Il s’agit bien évidemment d’une liste non exhaustive, produite à partir des entretiens réalisés, qui a pour but de nourrir les discussions préexistantes et les perspectives anticarcérales, au regard de ce que nous apprend la crise sanitaire dans les prisons françaises, et plus largement à travers le monde. Beaucoup d’organisations, d’associations, et même de syndicats pénitenciers appellent à une réforme de fond de l’institution carcérale. Il est à craindre que cette crise soit récupérée par les tenants légitimistes et réformateurs, soi-disant humanistes et réalistes, et qu’elle participe à cette critique de la prison qui a toujours eu pour seul objectif de la faire perdurer, par de nouveaux aménagements ou par le biais de dispositifs alternatifs. Notre capacité à faire de cette crise un tournant abolitionniste et anticarcéral s’inscrit dans les enjeux plus larges qu’ont fait naître la crise du COVID-19. Seule la lutte le dira.
État d’urgence sanitaire et transformations juridiques : l’ordonnance du 25 mars 2020 et la modification de la détention provisoire
Selon le régime de détention et les catégories de condamnation, il existe plusieurs types d’établissements pénitentiaires, notamment classés en deux catégories : les établissements pour peine et les maisons d’arrêt. Ces dernières reçoivent les personnes en détention provisoire (c’est à dire, en attente de jugement ou pour lesquelles la condamnation n’est pas définitive), ainsi que les personnes condamnées à des peines n’excédant pas deux ans.

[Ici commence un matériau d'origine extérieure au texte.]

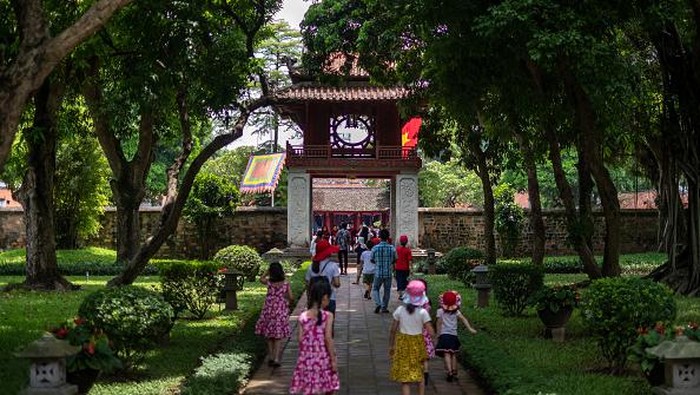 Vietnam menjadi salah satu negara yang dinilai berhasil dalam menekan penyebaran virus Corona, sehingga beberapa tempat wisata sudah mulai ramai wisatawan lagi.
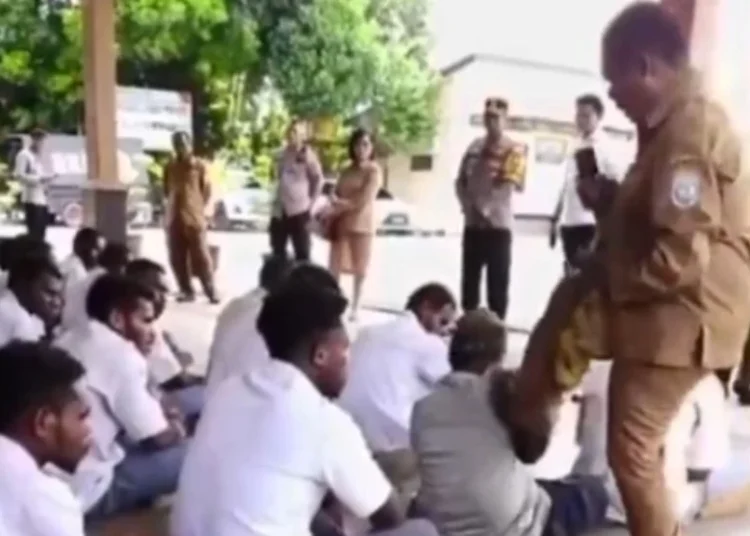 Viral Video ASN Papua Tendang Pelajar Karena Lalukan Demo Tolak Makan Bergizi Gratis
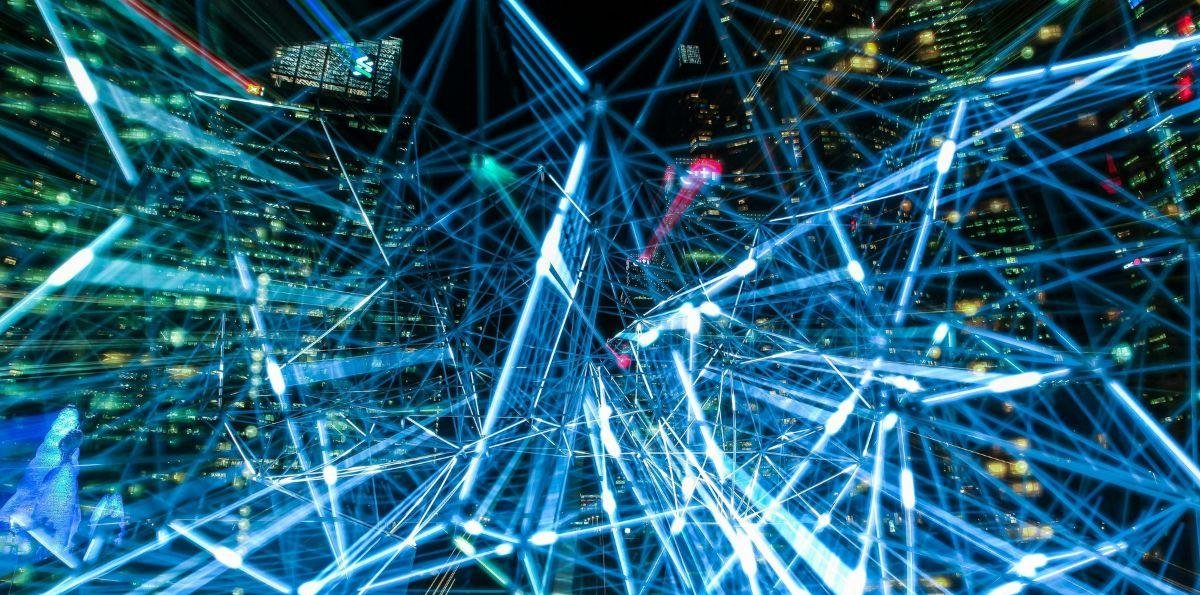 Expertos alertan por nuevos fraudes digitales generados con IA: cómo detectar imágenes, audios y videos falsos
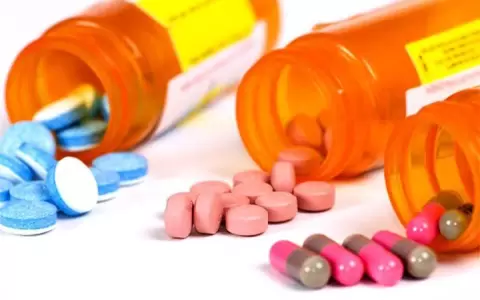 Salud advierte sobre aumento de infecciones por bacterias resistentes a antibi�ticos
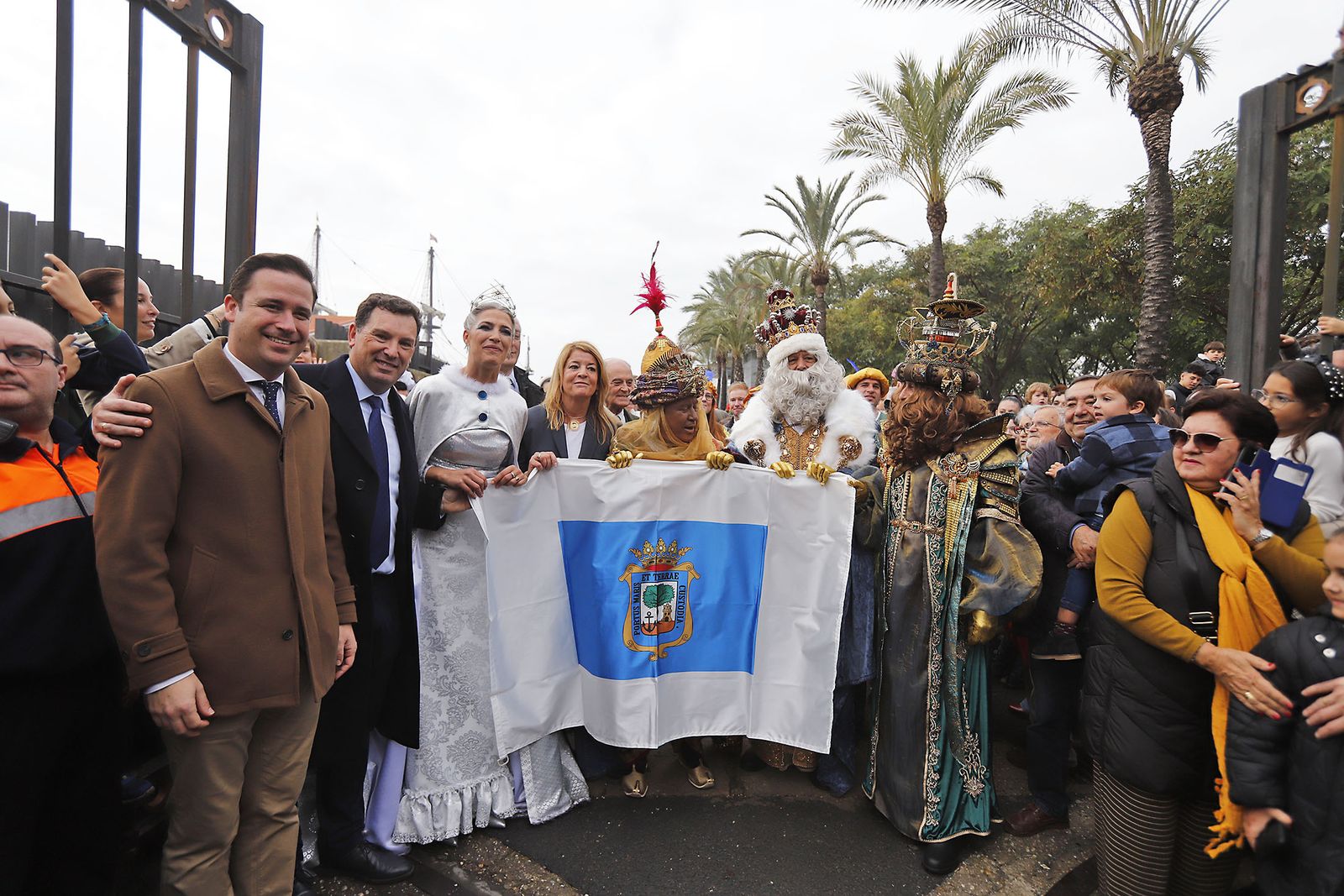 Imágenes de la mágica llegada de los Reyes Magos y la Estrella de la Ilusión a Huelva en barco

« Selon les chiffres du ministère de la justice, au 1er janvier 2019, 70 059 personnes étaient détenues pour 60 151 places opérationnelles. La densité carcérale globale était donc de 116,5 % (dont 140 % en maison d’arrêt et quartier maison d’arrêt, et 90 % en centre de détention et quartier centre de détention). Elle s’élevait à 115,4 % au 1er janvier 2018, 116,6 % au 1er janvier 2017, 113,9 % au 1er janvier 2016 et 114,6 % au 1er janvier 2015. »2
Et d’ajouter, «la surpopulation carcérale concerne surtout les maisons d’arrêt. La densité carcérale en maison d’arrêt était de 136,5 % en 2018 et 138,5 % en 2017. Selon le rapport 2018 de la Commission de suivi de la détention provisoire, le nombre de personnes placées en détention provisoire a fortement augmenté depuis 2010. A titre d’illustration, cet accroissement a été de 9 % entre janvier 2016 et janvier 2018. Au 1er avril 2018, prés de 30 % des personnes incarcérées en France étaient en détention provisoire. »3
La France se targue d’avoir un système pénal basé sur la présomption d’innocence. Or, cette dernière n’a toujours été appliquée qu’à une élite blanche bourgeoise satisfaite de la justice (par essence punitive) puisqu’elle n’a généralement pas à la subir. Pour les autres, l’incarcération est un potentiel palpable, la prison n’étant pas une fiction lointaine mais une réalité continue dans la vie des opprimé.e.s. La présomption de culpabilité régit leur justiciabilité ; cette dernière, commandée par des politiques pénales répressives, transforme légalement les maisons d’arrêt en épilogues de condamnation. La détention provisoire devient, dans les faits, les prémisses d’une détention continue.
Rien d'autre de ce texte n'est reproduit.